Retype, exactly as they stand, the lines from the start of the data to the line that contains "Красный Опель Астра, объемом", both ends included. Leave the pictures out.

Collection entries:
□ □ □ □

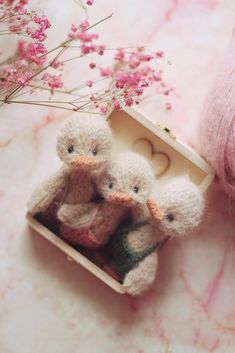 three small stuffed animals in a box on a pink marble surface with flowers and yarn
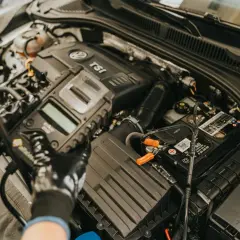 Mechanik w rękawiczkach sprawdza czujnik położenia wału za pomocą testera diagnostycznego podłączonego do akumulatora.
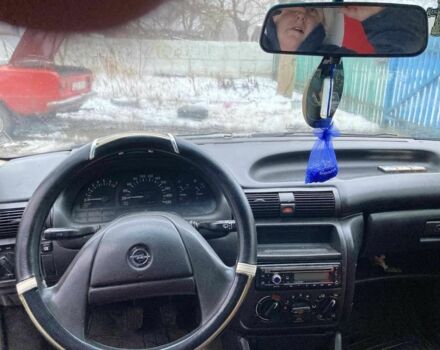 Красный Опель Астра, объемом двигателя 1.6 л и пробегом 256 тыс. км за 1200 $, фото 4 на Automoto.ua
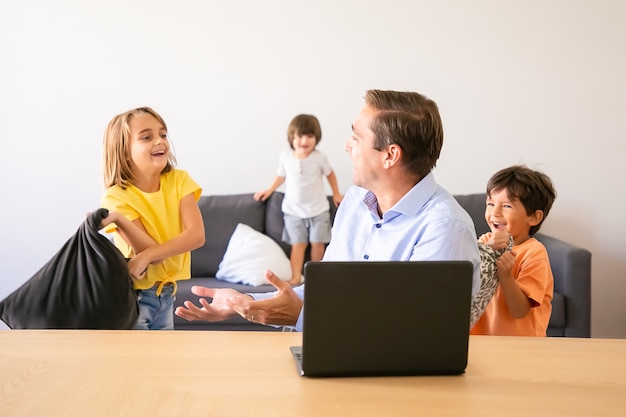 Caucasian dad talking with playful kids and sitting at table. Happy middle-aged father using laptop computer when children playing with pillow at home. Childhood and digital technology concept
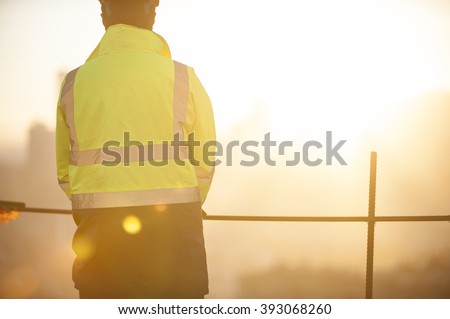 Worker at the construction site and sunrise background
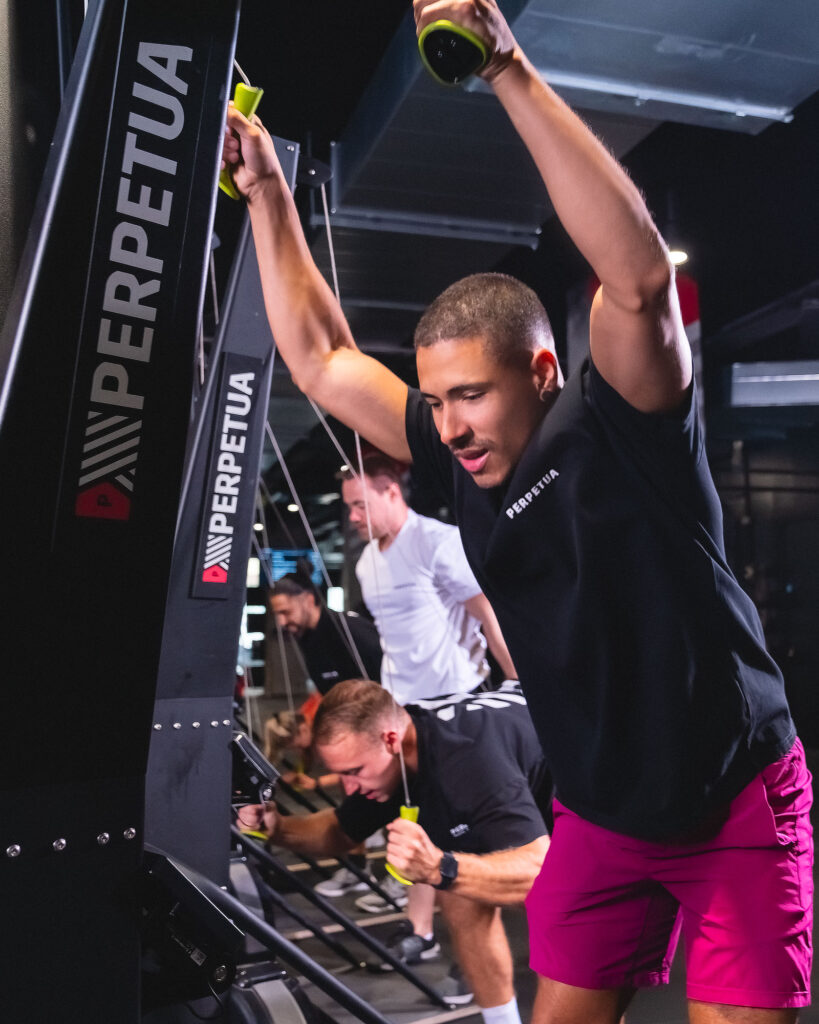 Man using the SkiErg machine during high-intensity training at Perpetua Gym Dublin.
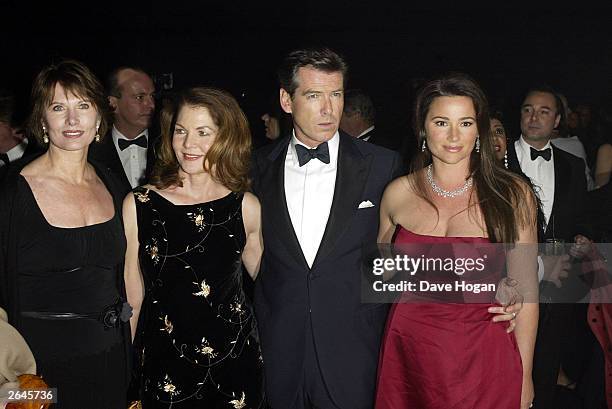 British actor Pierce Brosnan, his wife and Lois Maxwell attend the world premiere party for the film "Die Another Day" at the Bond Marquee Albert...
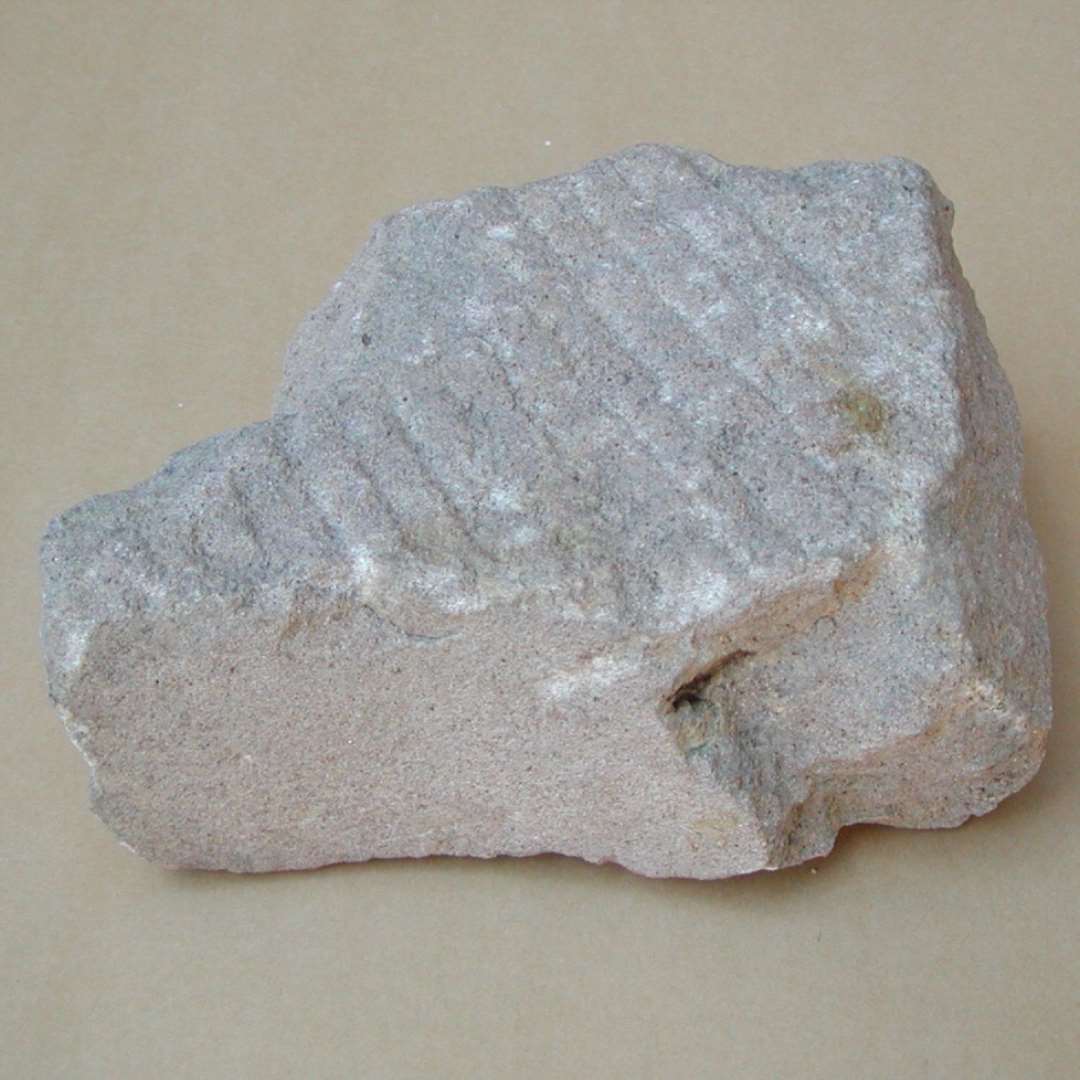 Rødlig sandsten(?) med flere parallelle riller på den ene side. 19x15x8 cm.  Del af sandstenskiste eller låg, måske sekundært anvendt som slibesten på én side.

□ □ □ □

Task answer:
 three small stuffed animals in a box on a pink marble surface with flowers and yarn
 Mechanik w rękawiczkach sprawdza czujnik położenia wału za pomocą testera diagnostycznego podłączonego do akumulatora.
 Красный Опель Астра, объемом двигателя 1.6 л и пробегом 256 тыс. км за 1200 $, фото 4 на Automoto.ua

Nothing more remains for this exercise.